Of course the girl's earnings went to their mother and whenever Rachel or Clara wanted to buy something their mother gave them a dollar. It was at this time that they received a letter from their sister-in-law Emily, living in Germany with Herschel. Emily wrote in German and no one could read her letter except for Rachel, who earlier had a job during the war translating from Russian to German. Emily's letter said that Herschel was very sick, he had gotten tuberculosis when he was a prisoner of was and now his condition was very poor. Emily wanted to send him to a sanatorium, but she didn't have enough money. So the older sisters and brother in America decided to set aside some money each month to send to Emily. This was all done in secrecy so that Herschel's parents would not detect that he was ill. Rachel and Clara also wanted to contribute, but it was difficult as they gave all their earnings to their mother. They decided to ask their mother for movie money and instead of going to the movies, they would sit in the park for three hours an save what they could to send to Emily for Herschel.
The miracle that occurred was that none of the children ever told their parents of Herschel's illness. In 1924, shortly after the letter arrived that Herschel had died, Aaron had a dream of his own son's death. Deeply worried, he went to Pauline and asked her to tell him what she knew. While Judith was still unaware, Aaron began to recite kaddish for his son in schul. One day Judith went to the market and a friend asked her, "Who does your husband say kaddish after?". Of course she didn't know, but at home immediately asked Aaron for whom he said kaddish. It was then that she found out her son had died.
Aaron Joshua Feldbaum and Leah Yudas (Judith) Smargon Feldbaum with two of their daughters and a grandson. The photo was taken in New York City but the exact place and date are currently unknown.
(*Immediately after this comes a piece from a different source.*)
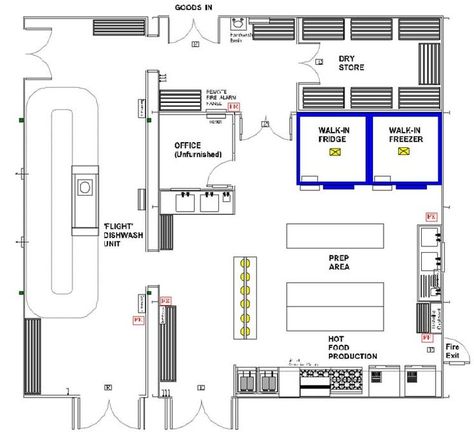 Restaurant Kitchen Layout, Kitchen Plans Layout, Commercial Kitchen Layout, Small Commercial Kitchen, Kirchen Design, Restaurant Floor Plan, Cabinet Layout, Best Kitchen Layout, Commercial Kitchen Design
Sonny Zafman: This past Sunday (January 24, 1999) I had a chance to talk to Howard Mescon about our grandmother, Judith Feldman. Howard and his mother Rose (Feldbaum Cohen) lived with my grandparents for a number of years. He is the only one that is still alive that remembers her. He said that she was a very quiet, shy person but that she was extremely loving. He never remembers her getting outwardly angry. She busied herself with taking care of the household. I suppose that it was a traditional Jewish old world home, where the father was catered to by everyone. In this case it must have been easy because my grandfather, Aaron was such a warm and loving person.